### Exercise details
The pictures stay out; all of the data is to be printed exactly.

### Data excerpt
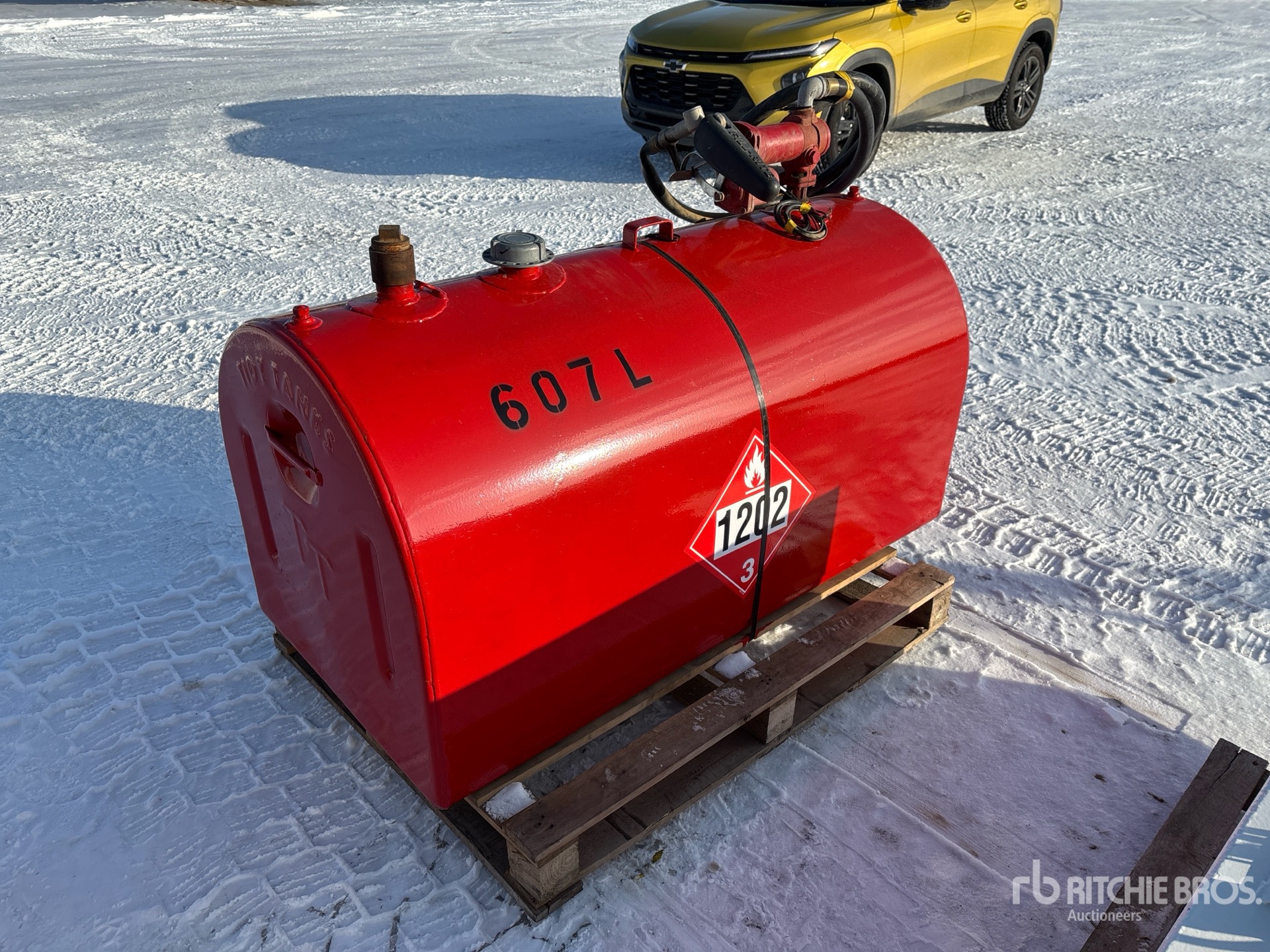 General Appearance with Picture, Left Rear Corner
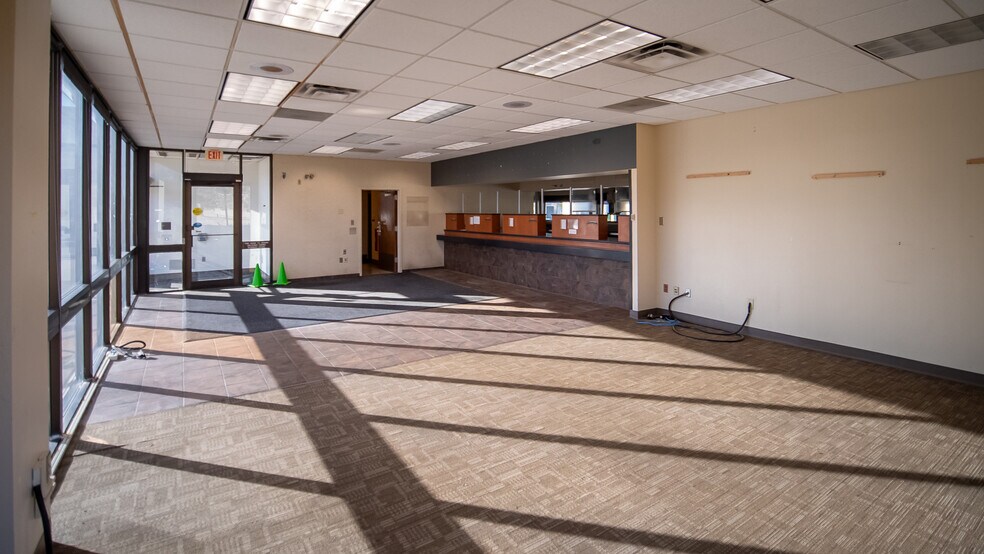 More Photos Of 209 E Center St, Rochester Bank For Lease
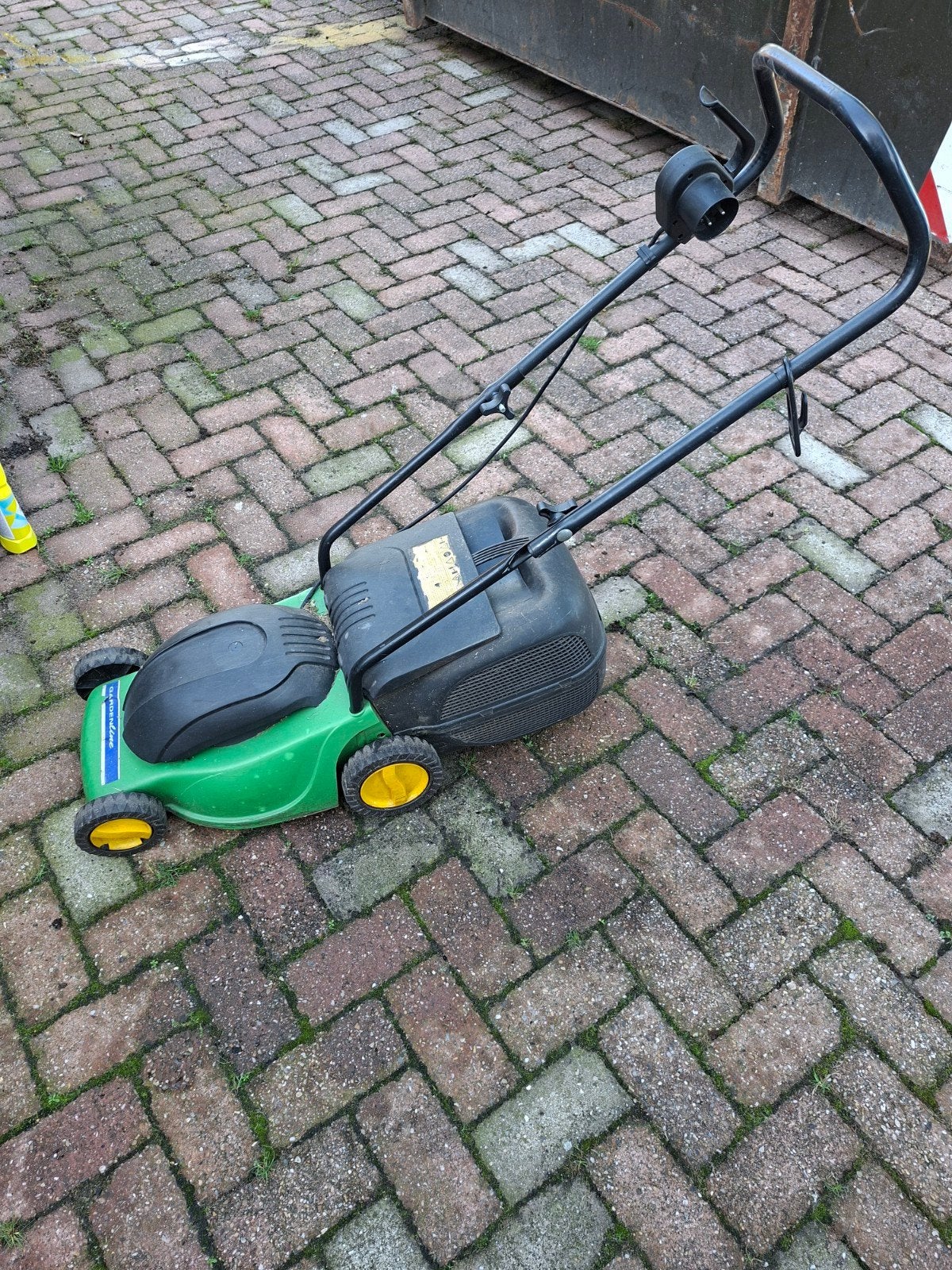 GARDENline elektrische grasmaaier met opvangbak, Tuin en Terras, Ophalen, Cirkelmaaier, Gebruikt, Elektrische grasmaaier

### Task response
 General Appearance with Picture, Left Rear Corner
 More Photos Of 209 E Center St, Rochester Bank For Lease
 GARDENline elektrische grasmaaier met opvangbak, Tuin en Terras, Ophalen, Cirkelmaaier, Gebruikt, Elektrische grasmaaier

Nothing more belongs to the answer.